57 megs video for 10 seconds for a 2.99 meg picture. The extraction command 137kb! Something was off!

At this point, my gut feeling was that the file was parsed and stopped because the end of the file (eof) character was detected (the 0x04). With text, the character makes sense, but with ZIP or picture or other format, the character might be used. A modification to ensure that the end of the content into a frame was needed further than a single character. A quick search in a HEX editor on the video shows a lot of the character everywhere!

The solution might be as easy as having several eof characters next to each other. For example, having 50 eof means that it is the end of the content. However, this is easy to say, harder to implement without introducing other issues. For example, managing several frames where information of this static 50 eof may be on several frames

let rgb = get_pixel(source, x, y, info_size);
rgbs.push(vec![rgb[0], rgb[1], rgb[2]]);
let bit_value = get_bit_from_rgb(rgb);
mutate_byte(&mut data, bit_value, bit_index);
bit_index = if bit_index == 0 { 7 } else { bit_index - 1 };
if bit_index == 7 {
    if data != EOF_CHAR { // <---- This need to change
        result.bytes.push(data);
        data = 0;
    } else {
        return result; 
    }
}

A frame could be almost full, having only few character lefts to add the eof character and would need 49 spaces on the next frame. The actual code does not handle context between frame parsing. So, some changes would be needed.

Solutions

After thinking everything straight, I noticed that we could reserve the first few pixels to inject the number of bytes to extract.
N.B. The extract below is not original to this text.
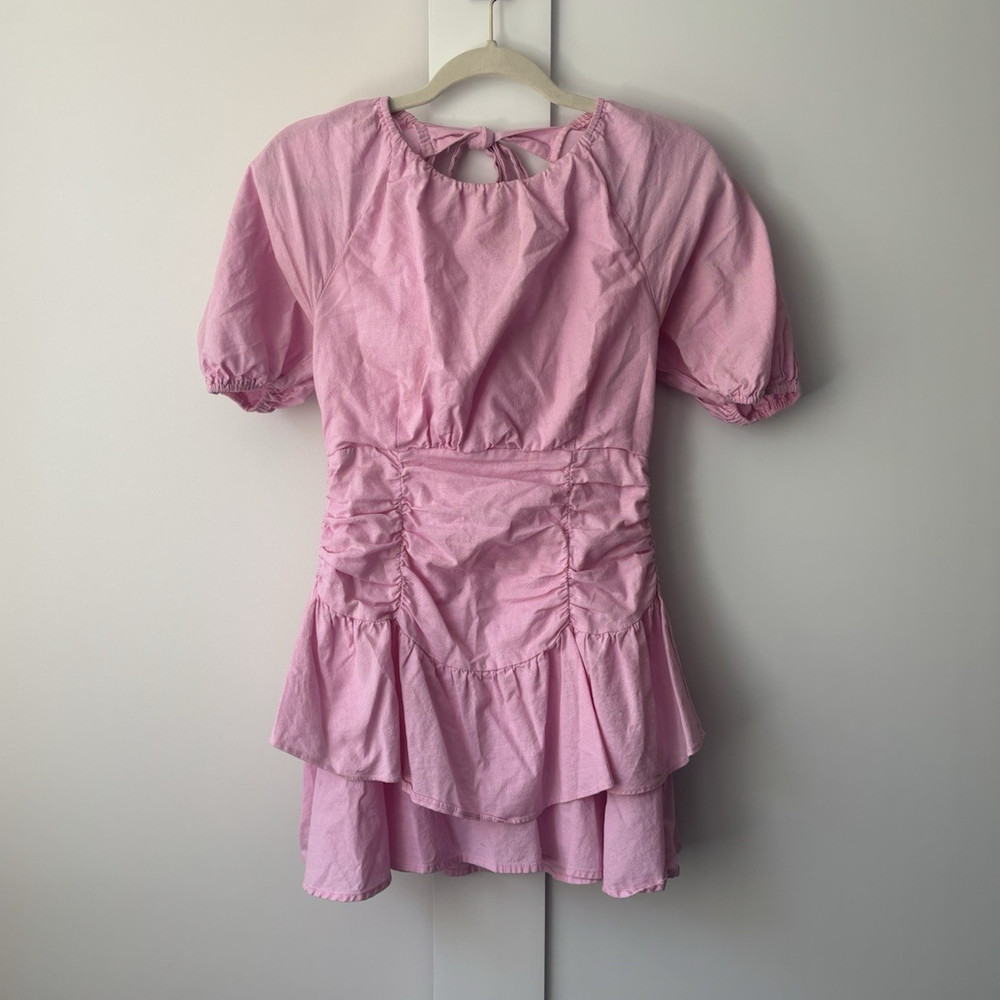 Pink Smocked Puff Half Sleeve Mini Dress Ruffle Back Tie Solid Size M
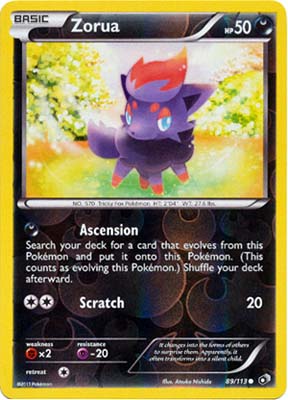 Pokemon Trading Card Game Zorua 89/113 Reverse Holo Common Black & White Legendary Treasures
Instead of only encrypting the message (or picture) we could have the first 64 bytes to tell us the number of bytes to extract. For example, if we know that the message is 4 characters, instead of injecting 32 bits (black and white) we would have 64+32 bits. The video would be bigger, but a relative addition when injecting a large file as the 64 bytes would remain constant. I'll go with 64 since it gives us a large number for large files.